I wonder sometimes why pollsters even ask questions like this:
John F. Kennedy remains the most popular modern U.S. president, according to a new Gallup poll of the nine most recent presidents, while Jimmy Carter’s approval rating has dropped 9 percentage points since 2006.
Since Gallup began its retrospective job approval poll in 1990, Kennedy has consistently topped the list of most popular presidents, while Richard Nixon has received the lowest approval rating in every poll except the one conducted in 1993. Lyndon Johnson, who now has a 47 percent rating, was ranked last that year.
Kennedy got a thumbs up from 85 percent of respondents.

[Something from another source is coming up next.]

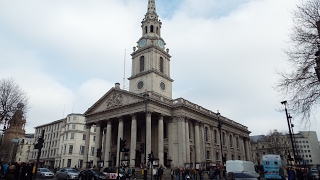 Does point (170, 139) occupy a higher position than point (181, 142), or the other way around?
point (170, 139)

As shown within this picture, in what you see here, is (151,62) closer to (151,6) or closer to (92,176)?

Consider this for just a moment…
1) John F. Kennedy got a “thumbs up from 85% of respondents.
2) John F. Kennedy was killed in 1963—just over 47 years ago.

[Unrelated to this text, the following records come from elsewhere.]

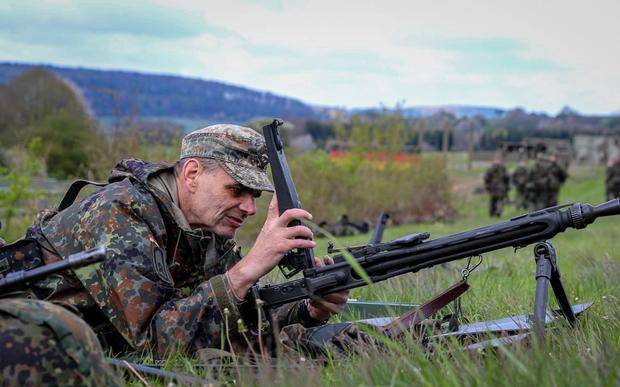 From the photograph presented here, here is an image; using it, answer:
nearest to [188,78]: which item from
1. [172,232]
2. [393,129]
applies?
[393,129]

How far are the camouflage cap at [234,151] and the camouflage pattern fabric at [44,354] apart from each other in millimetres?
1502

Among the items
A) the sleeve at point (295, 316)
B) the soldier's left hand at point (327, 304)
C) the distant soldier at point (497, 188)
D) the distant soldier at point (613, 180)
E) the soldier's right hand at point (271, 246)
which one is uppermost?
the soldier's right hand at point (271, 246)

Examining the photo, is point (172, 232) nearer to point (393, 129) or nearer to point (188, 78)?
point (393, 129)

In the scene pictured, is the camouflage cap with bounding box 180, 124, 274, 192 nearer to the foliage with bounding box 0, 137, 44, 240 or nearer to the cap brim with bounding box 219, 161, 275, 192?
the cap brim with bounding box 219, 161, 275, 192

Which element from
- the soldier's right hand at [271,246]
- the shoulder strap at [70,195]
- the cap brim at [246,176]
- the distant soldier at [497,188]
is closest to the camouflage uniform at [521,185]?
the distant soldier at [497,188]

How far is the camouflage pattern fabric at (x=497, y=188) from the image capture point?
27.4 metres

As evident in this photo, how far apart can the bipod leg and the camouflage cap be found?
4.56 feet

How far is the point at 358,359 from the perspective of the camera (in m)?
3.22

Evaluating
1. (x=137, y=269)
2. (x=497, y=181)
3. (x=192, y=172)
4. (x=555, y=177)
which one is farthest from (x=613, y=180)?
(x=137, y=269)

3) It appears from Gallup’s methods that they surveyed only those who are 18 years of age or older.
4) Now, if my quick math is right, based on the numbers found here, it would appear that (assuming no significant change in numbers between 2008 and now) that roughly 75% of the population is 18 or older, and of that number, almost 50 % would have been either been infants with likely no memory of the Kennedy presidency, or else born anytime in the last 47 years.
Just out of curiosity, why would we take seriously any kind of polling on presidential popularity—especially among the general public? Seems to me that the prime function of this is to help built the legend, not to really find out anything of substance.